What’s the financial cost of cyberattacks to business?

A new report sheds light on the financial costs of cyberattacks, as malware and malicious insiders play an increasingly damaging role.
7 March 2019

The costs of an attack mount up quickly. Source: Shutterstock

We often hear scare stories about just how much a cyberattack would cost our businesses besides, of course, the damage to reputations and loss of valuable data.

A new report by management consultancy firm Accenture, in coordination with Ponemon Institute, sheds some light on the financial clout of such an attack— as the cost to companies from malware and “malicious insider”-related attacks jumped 12 percent in 2018.

Based on interviews with more than 2,600 security and IT professionals at 355 organizations worldwide, the 2019 Cost of Cybercrime Study revealed that malware cost more than US$2.6 million per company, on average, per year— a hike of 11 percent.

Meanwhile, costs due to malicious insiders — defined as employees, temporary staff, contractors and business partners — jumped 15 percent, to an average of US$1.6 million per organization.

Combined these two types of cyberattacks accounted for one-third of the total US$13.0 million cost to companies, on average, from cybercrime in 2018— an increase of US$1.3 million in the past year.

Similarly, the cost to companies from phishing and from social engineering increased to US$1.4 million per organization, on average.

Costs were based on how much an organization spends to discover, investigate, contain and recover from cyberattacks over a four-consecutive-week period, as well as expenditures that result in after-the-fact activities.

That includes incident-response activities designed to prevent similar attacks— and efforts to reduce business disruption and the loss of customers.

“From people to data to technologies, every aspect of a business invites risk and too often security teams are not closely involved with securing new innovations,” said Kelly Bissell, Senior Managing Director of Accenture Security.

“This siloed approach is bad for business and can result in poor accountability across the organization, as well as a sense that security isn’t everyone’s responsibility.

“Our study makes it clear that it’s time for a more holistic, proactive and preventative approach to cyber risk management involving full business engagement across the entire ecosystem of partners.”

Companies in the US experienced the greatest increase in costs due to cybercrime in 2018, at 29 percent, with a cost of US$27.4 million per company, on average — at least double that of companies in any other country surveyed.

Japan was the next highest, at US$13.6 million, followed by Germany, at US$13.1 million, and the UK, at US$11.5 million. The countries with the lowest total average costs per company were Brazil and Australia, at US$7.2 million and US$6.8 million, respectively.

“Increased awareness of people-based threats and adopting breakthrough security technologies are the best way to protect against the range of cyber risks,” said Dr. Larry Ponemon, Chairman and Founder of the Ponemon Institute.

“Our report not only illustrates our joint commitment with Accenture to keep security professionals informed about the nature and extent of cyberattacks but also offers practical advice for companies to improve cybersecurity efforts going forward.”

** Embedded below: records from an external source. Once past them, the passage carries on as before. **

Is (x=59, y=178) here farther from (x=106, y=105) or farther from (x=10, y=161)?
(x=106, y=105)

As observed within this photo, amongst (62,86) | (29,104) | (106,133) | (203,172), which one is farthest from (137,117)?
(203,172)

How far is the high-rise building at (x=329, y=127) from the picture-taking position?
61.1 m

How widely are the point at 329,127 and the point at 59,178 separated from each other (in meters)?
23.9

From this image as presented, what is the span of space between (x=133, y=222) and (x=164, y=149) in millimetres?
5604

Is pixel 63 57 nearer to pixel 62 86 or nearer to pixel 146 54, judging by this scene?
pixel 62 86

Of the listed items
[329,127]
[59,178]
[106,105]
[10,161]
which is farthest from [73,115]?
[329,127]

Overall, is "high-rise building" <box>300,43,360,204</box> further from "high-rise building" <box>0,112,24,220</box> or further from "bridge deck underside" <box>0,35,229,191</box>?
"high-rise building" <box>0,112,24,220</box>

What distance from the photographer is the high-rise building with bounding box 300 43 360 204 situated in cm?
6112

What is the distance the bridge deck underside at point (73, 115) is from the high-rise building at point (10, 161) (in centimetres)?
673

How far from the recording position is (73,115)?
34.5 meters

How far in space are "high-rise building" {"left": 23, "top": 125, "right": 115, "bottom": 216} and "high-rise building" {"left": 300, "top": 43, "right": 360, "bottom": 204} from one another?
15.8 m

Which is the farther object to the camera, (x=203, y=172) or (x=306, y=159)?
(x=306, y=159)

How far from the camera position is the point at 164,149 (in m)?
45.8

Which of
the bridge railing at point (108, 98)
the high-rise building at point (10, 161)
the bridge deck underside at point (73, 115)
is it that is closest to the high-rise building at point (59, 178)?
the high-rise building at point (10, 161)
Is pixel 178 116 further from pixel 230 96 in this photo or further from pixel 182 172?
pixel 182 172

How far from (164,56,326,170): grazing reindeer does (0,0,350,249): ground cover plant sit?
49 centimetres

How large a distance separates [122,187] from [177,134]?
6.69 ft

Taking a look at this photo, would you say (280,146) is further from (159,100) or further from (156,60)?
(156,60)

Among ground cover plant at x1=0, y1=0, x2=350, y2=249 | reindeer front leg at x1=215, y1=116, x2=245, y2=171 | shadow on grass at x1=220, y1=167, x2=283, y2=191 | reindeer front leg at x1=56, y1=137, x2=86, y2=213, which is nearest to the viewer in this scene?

Other notable findings of the study include:

  • In 2018, surveyed companies each recorded an average of 145 cyberattacks — resulting in the infiltration of a company’s core networks or enterprise systems — an 11 percent increase over 2017 and 67 percent higher than five years ago.
  • Malware is the most expensive type of attack, costing companies US$2.6 million, on average, followed by web-based attacks, at US$2.3 million.
  • The number of organizations experiencing ransomware attacks increased by 15 percent in 2018, with the costs increasing 21 percent, to approximately US$650,000 per company, on average. The number of ransomware attacks more than tripled in the past two years.  
  • Six in seven companies (85 percent) experienced phishing and social engineering cyberattacks in 2018 — a 16 percent increase over 2017 — and three-quarters (76 percent) suffered web-based attacks.
  • Automation, orchestration and machine-learning technologies were deployed by only 28 percent of organizations — the lowest of the technologies surveyed — yet provided the second-highest cost savings for security technologies overall, at US$2.9 million.